これも、彼女がドリアードという種族であるが故の特典だと、ご主人様は言っていた。他にも、彼女と世界樹である迷宮との生命力の共有だとか、そのようなことをご主人様は語っていた。私には余り多くのことは理解できなかったが、その憶測はそれほど間違ったものではなかったようで、クリスさんとライラの三人で、小難しい話をしていた。
ライラには、彼らが戻っている事を話していない。頭のいい彼女の事だから、そろそろ帰ってくる時期だと気づくのかもしれないが、少なくとも今はまだその素振りは見られない。
彼女は、私達の中に実に馴染んでいる。迷宮に幽閉されてまだ十日程度しかたっていないが、それでも表面上は、問題行動等は見せていないし、むしろ手のかからない便利な人質だった。ご主人様にお教えするための教材も、順調に進んでいるようだし、私としては言うことはない。
「それじゃあ、次のポイントに行きましょう?」
「なの!」
私達はご主人様が指示したポイントへ向かい、彼らと交渉を繰り返す。手には迷宮の外部にあたる地帯と、ラシールとの協力の下製作された迷宮周辺の地図があった。

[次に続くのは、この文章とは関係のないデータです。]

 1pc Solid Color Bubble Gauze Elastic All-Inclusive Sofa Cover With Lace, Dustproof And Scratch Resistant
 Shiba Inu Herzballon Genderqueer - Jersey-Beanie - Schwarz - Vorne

便利だと、私は心の中で思う。私の持つ地図には、この辺りに生息している魔物の生息域と、ご主人様とクリスが列挙した使えそうなものの存在するポイントが記載されている。ご主人様から言わせれば、まだまだ精度が悪いとのことだが、他と比べれば十分すぎるほどだ。この地図には、薬師たちが知らないポイントや、彼らが知らない治療薬の原料が記載されているのだから。

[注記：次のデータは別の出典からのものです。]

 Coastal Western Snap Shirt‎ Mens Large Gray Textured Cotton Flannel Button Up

これさえあれば、薬草の採取できるポイントが分かり、そこから作られる治療薬の量が増える。都心部で販売される割高な治療薬は、貧しい人々には入手することのできない物だ。
その原料である薬草の採取量が増えれば、その分治療薬は安くなることだろう。それだけで、助かる人間は数えきれないほど増える。人間であった頃なら、これを迷宮の外に持ち出せないことを残念に思うだろう。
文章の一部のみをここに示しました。